Х. Ж.: Почему же при создании русского капитализма система сама не попыталась навести порядок? Как это сделала английская буржуазия!
Б. К.: А произошло это потому, что у России настоящей буржуазии тоже нет. Русская буржуазия настолько деклассирована, являя собой, в сущности, обуржуазившуюся номенклатуру, что свои буржуазные интересы она осознать и сформулировать не может. Ведь если бы она была более органична, то она бы первой подняла крик по поводу этих рыночных эксцессов интеллигенции. Ведь эти рыночные эксцессы интеллигенции, которые принимают формы сверхбуржуазности, на самом деле являют собой проявление люмпен-буржуазности.
Но, с другой стороны, эта парадоксальная фигура нового русского интеллектуала, готового служить деньгам, появляется и потому, что интеллигенция России вообще уже не нужна.

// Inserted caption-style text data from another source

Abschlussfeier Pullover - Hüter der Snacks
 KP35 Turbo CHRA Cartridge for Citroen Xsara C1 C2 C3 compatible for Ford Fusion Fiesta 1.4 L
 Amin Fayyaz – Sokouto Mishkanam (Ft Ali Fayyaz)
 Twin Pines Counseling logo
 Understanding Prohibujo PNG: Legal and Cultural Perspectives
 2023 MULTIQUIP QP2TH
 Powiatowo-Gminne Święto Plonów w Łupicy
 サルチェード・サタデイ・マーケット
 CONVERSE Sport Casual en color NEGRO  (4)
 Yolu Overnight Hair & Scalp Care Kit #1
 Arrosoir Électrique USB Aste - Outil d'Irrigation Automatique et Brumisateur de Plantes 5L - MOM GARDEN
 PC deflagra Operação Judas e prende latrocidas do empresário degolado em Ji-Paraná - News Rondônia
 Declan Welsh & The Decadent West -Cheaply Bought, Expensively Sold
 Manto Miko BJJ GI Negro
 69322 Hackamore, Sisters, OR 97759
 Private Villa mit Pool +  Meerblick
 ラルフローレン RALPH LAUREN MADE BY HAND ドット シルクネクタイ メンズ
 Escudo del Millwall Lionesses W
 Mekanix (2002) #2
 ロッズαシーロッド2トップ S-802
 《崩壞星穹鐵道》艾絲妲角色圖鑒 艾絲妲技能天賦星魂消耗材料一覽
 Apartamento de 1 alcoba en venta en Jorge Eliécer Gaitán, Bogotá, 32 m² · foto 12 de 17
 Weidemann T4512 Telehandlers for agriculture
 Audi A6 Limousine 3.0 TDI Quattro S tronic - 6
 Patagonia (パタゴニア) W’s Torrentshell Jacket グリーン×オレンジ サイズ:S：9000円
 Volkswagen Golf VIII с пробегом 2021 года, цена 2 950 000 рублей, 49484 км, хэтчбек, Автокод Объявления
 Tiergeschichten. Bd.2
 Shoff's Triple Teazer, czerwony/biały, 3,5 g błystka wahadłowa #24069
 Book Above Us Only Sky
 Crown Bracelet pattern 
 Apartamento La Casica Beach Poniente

Хочу оговориться: речь не идет о желании хорошо зарабатывать или о любви к деньгам - это вполне естественные человеческие желания и страсти. А речь идет о служении деньгам: он любит деньги как некую сверхценность. Вот тут у нашего интеллектуала и возникают проблемы: как эту сверхидею реализовать: ведь выясняется, что он не может достичь своих целей как интеллектуал. А потому, как один из вариантов решения этой проблемы, он превращает себя из интеллектуала в «медиа-технолога». Единственная сфера, где интеллектуальные способности могут быть реализованы и помножены на буржуазность, - это сфера пропаганды, а на современном языке она и называется «медиа-технология». По мере того как происходит смещение интеллигенции в этом направлении, происходит и смещение всего культурного пространства в сторону медиа. Однако медиа - это не культура, а технолог - это антипод интеллигента. Медиа-технолог должен существовать в некоем медиа-пространстве, в котором он должен насаждать идеи, заказанные ему его спонсором или заказчиком. Но единое медиа-пространство не может существовать без единого культурного пространства. В той мере, в которой медиа-технолог захватывает культурное пространство и заменяет его миром media, он разрушает и свое собственное пространство. Это такой социокультурный паразит. Он как бы пожирает собственную культурную среду, в которой он только и может существовать. То единое культурное пространство, которое существовало в советское время, где - как мы уже говорили - и профессор и сельский учитель в один день открывали свежий номер «Нового мира», - этого единого пространства уже не существует. Оно распалось на частички, которые медиа-технологи пытаются реконструировать, собирая фокус-группы, и о которых имеют самое фантасмагорическое представление, так как реконструировать их практически невозможно. В этой связи я хочу обратить внимание на такой в высшей степени симптоматичный феномен, как ностальгия: ведь это есть не что иное, как стихийное стремление выстроить новый единый культурный контекст. Прошлое - это единственное, что связывает между собой эти частички. А потому ностальгия - это очень позитивный процесс.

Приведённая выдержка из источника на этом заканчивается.